At the line with "Comhairle Cathrach na", start transcribing; stop after the last line of the data below. Keep it exact and leave pictures out.

*****

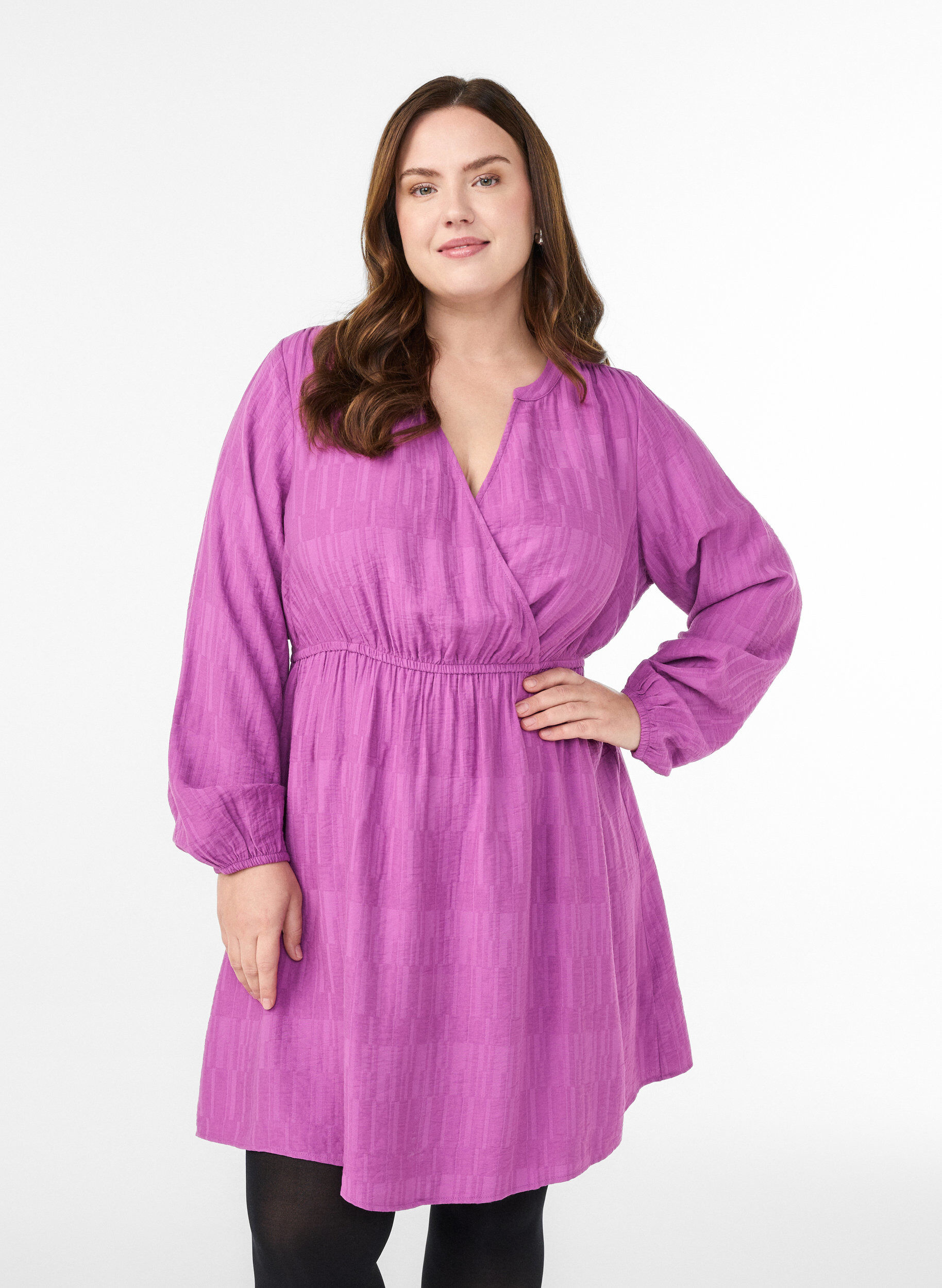 Lyhyt tekstuuripintainen kietaisumallinen mekko, Violetti, Model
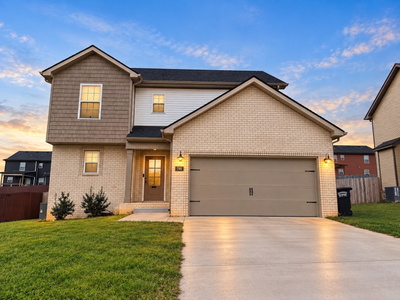 746 Banister Dr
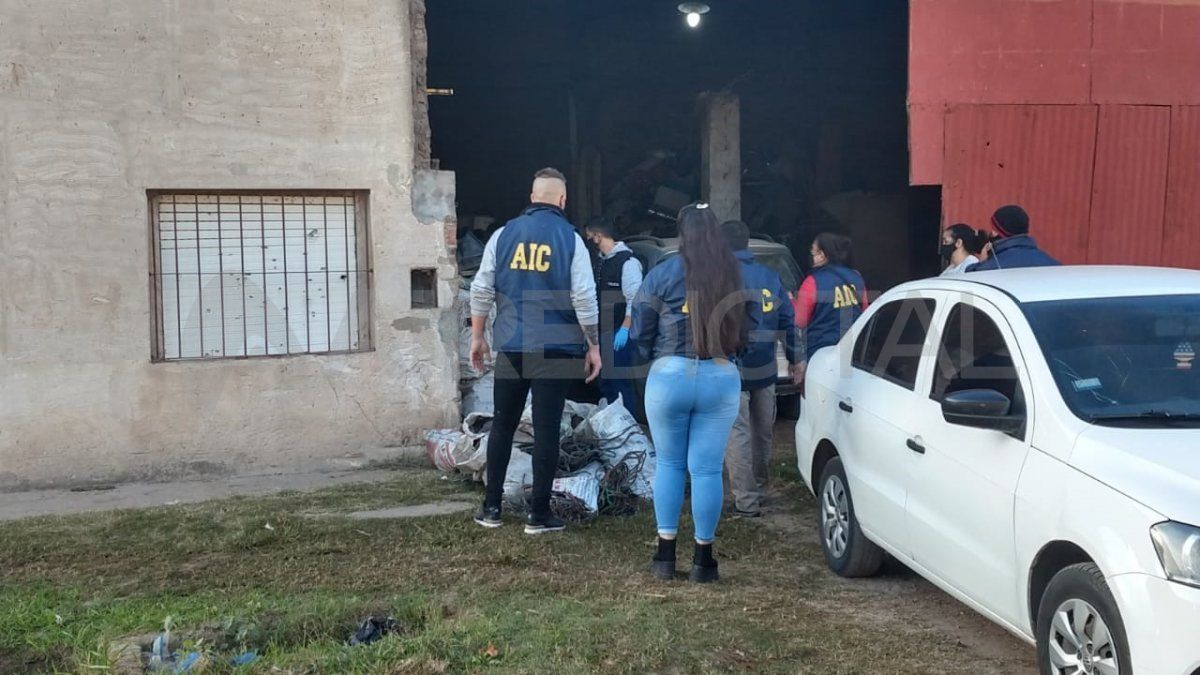 En un galpón los investigadores encontraron bolsas con cables.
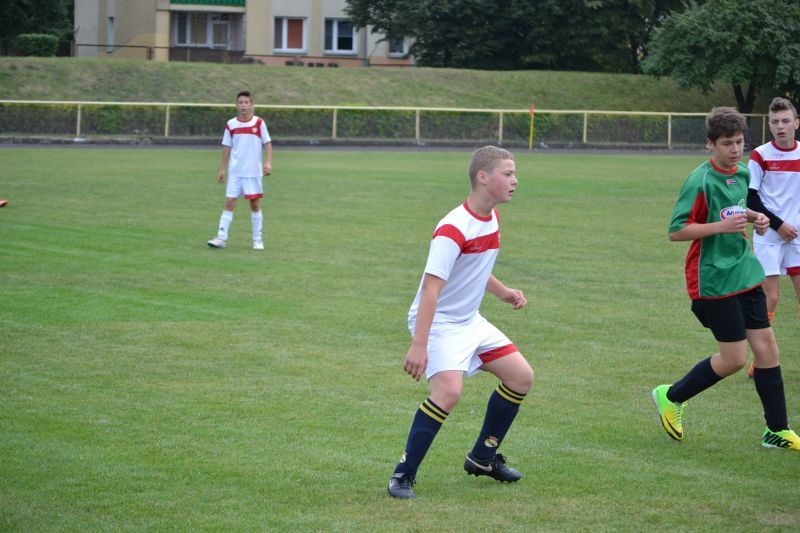 Demolka na stadionie w Kolnie. W roli głównej młodzi piłkarze Orła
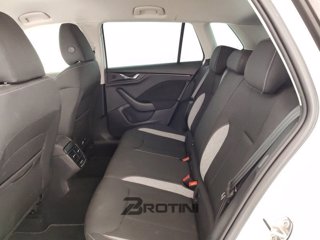 SKODA Kamiq 1.0 tsi Black Dots 95cv 9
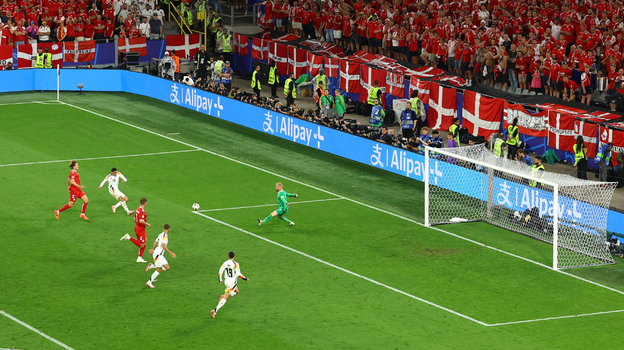 Гол Джамала Мусиалы.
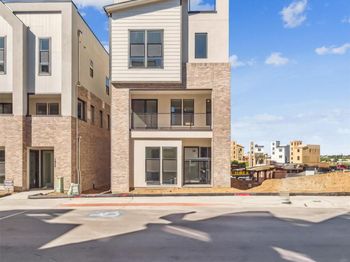 11466 E Briarwood Circle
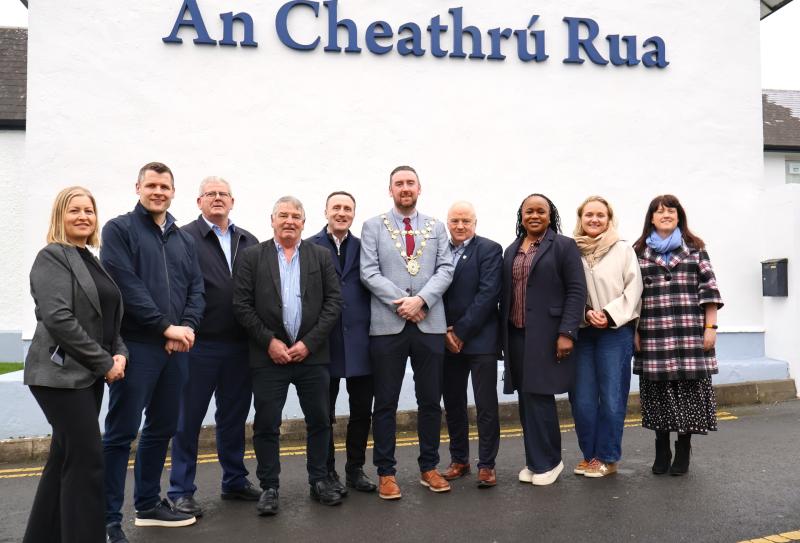 Comhairle Cathrach na Gaillimhe ina h&oacute;stach ar an dara cruinni&uacute; bliant&uacute;il de Chomhairle na Gaeilge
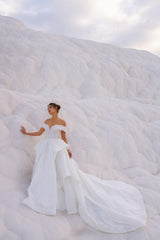 Apolonia Madonna Yaka Fransız Dantelli Prenses Gelinlik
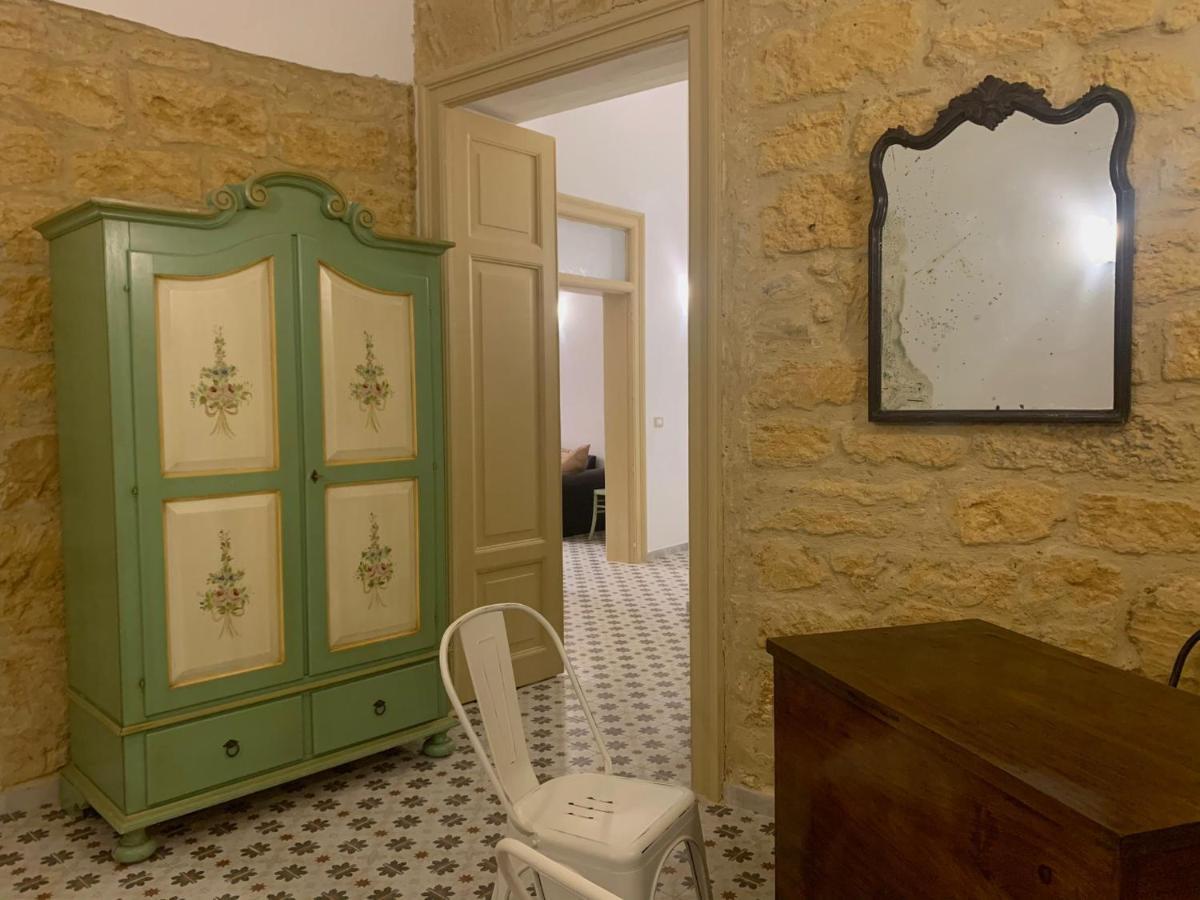 Charme In Centro - Tourist Rental Agrigento Exteriör bild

*****

## Answer section:
 Comhairle Cathrach na Gaillimhe ina h&oacute;stach ar an dara cruinni&uacute; bliant&uacute;il de Chomhairle na Gaeilge
 Apolonia Madonna Yaka Fransız Dantelli Prenses Gelinlik
 Charme In Centro - Tourist Rental Agrigento Exteriör bild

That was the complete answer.